Task requirements ▸
Your reply should be the whole listing, copied exactly, with the pictures left out.

Task data ▸
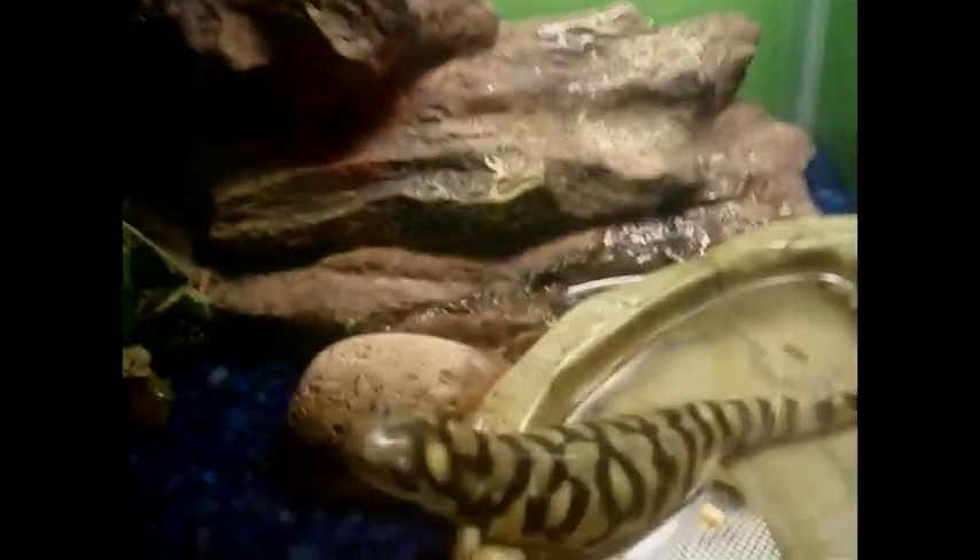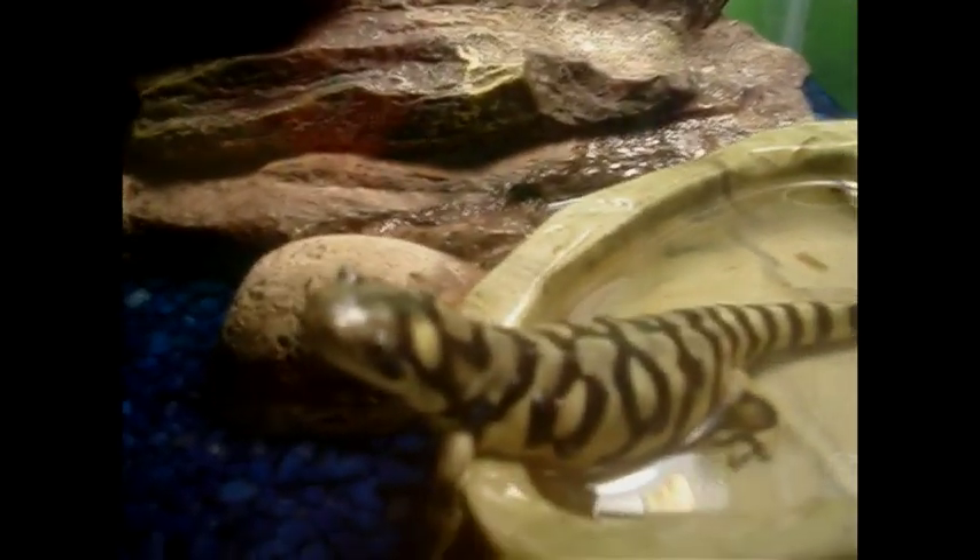Today I'm going to make a video about feeding my tiger salamander. I'm usually feeding with my tweezers, but today I'm going to have to feed them with my hands because I have no idea where my tweezers are. So I'm going to get the crickets ready.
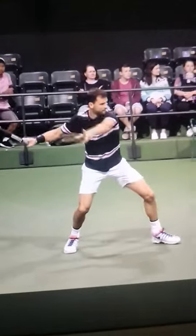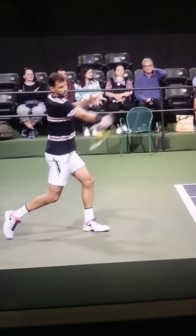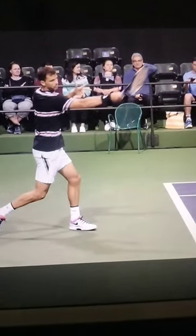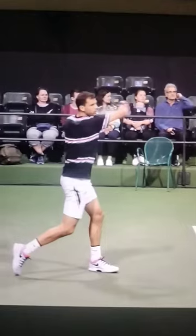That leads us to tip number two: when you hit, hit the ball out as far away as you comfortably can. A slight bent arm is okay, but being extended is going to help you really reach out with your extension on the follow through as well. And look how his strings are facing the ground — that ensures the ball is not going to fly out and has nice spin and rotation on it.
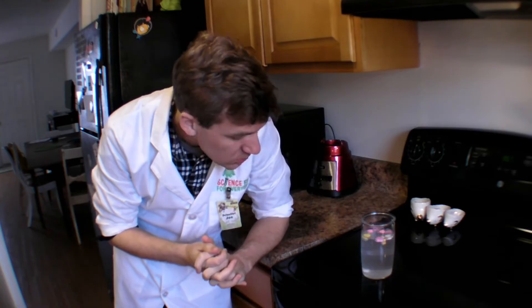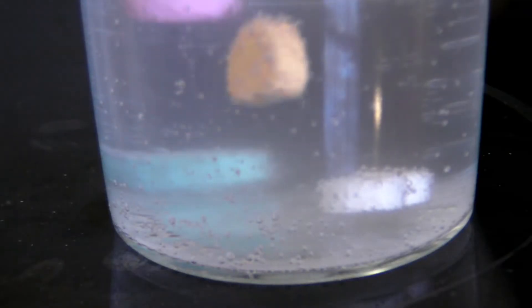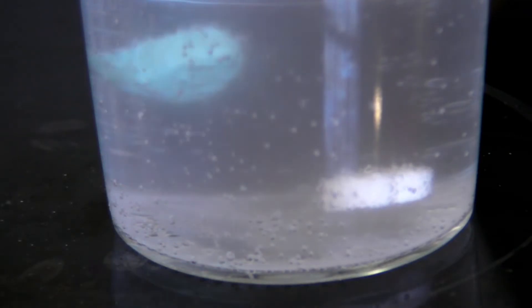Is it magic? No. It's an opportunity, actually, to use our powers of observation to figure out something that's going on. If you take a close look at those hearts in the glass, when they're on the bottom, you'll notice something is sticking to them.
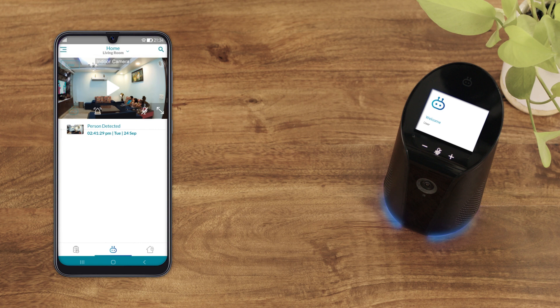Congratulations, you're all done! The Cubo Smart Indoor Camera is now ready to use.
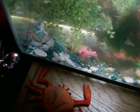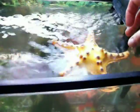Put it in the fish tank and it floats. It actually does start sinking in a few.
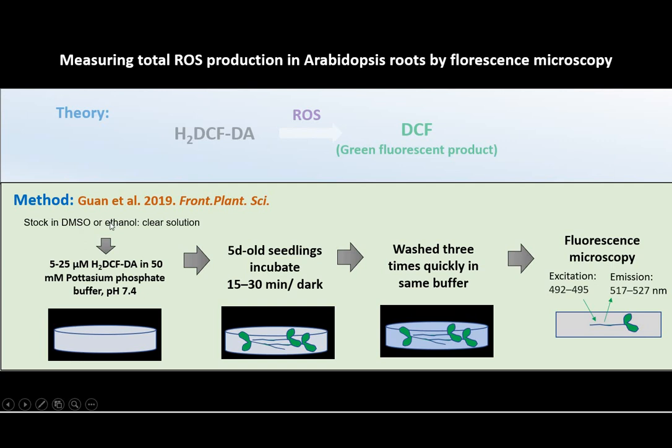Simply from the stock solution, you can make around 5 to 25 micromolar dye in PBS, and then after incubating around 15 to 30 minutes under dark conditions and washing three times with the same buffer, you can visualize the results.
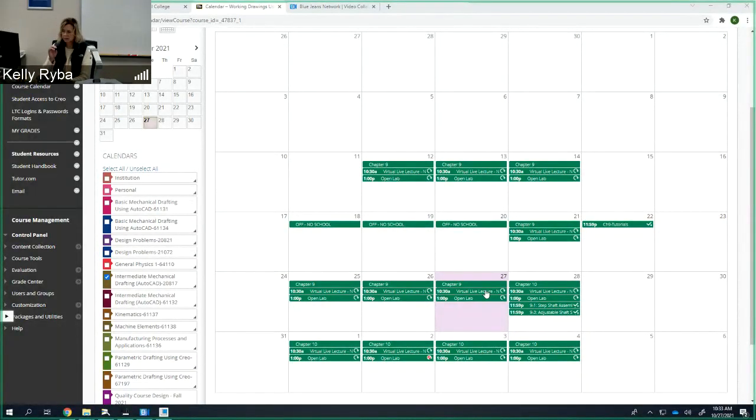We're going to be spending our last day on Chapter 9, which is here on October 27th. Chapter 9, as you know, we've been looking at assemblies and just putting parts together. The first part was working through tutorials in the book and getting acclimated, and now we have two assembly problems starting from scratch, applying what we learned. Yesterday we did our first assembly, 9-1. Now we're going to move to 9-3, the adjustable shaft support.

Response ▸
Today I'm going to make a video about feeding my tiger salamander. I'm usually feeding with my tweezers, but today I'm going to have to feed them with my hands because I have no idea where my tweezers are. So I'm going to get the crickets ready.
That leads us to tip number two: when you hit, hit the ball out as far away as you comfortably can. A slight bent arm is okay, but being extended is going to help you really reach out with your extension on the follow through as well. And look how his strings are facing the ground — that ensures the ball is not going to fly out and has nice spin and rotation on it.
Is it magic? No. It's an opportunity, actually, to use our powers of observation to figure out something that's going on. If you take a close look at those hearts in the glass, when they're on the bottom, you'll notice something is sticking to them.
Congratulations, you're all done! The Cubo Smart Indoor Camera is now ready to use.
Put it in the fish tank and it floats. It actually does start sinking in a few.
Simply from the stock solution, you can make around 5 to 25 micromolar dye in PBS, and then after incubating around 15 to 30 minutes under dark conditions and washing three times with the same buffer, you can visualize the results.
We're going to be spending our last day on Chapter 9, which is here on October 27th. Chapter 9, as you know, we've been looking at assemblies and just putting parts together. The first part was working through tutorials in the book and getting acclimated, and now we have two assembly problems starting from scratch, applying what we learned. Yesterday we did our first assembly, 9-1. Now we're going to move to 9-3, the adjustable shaft support.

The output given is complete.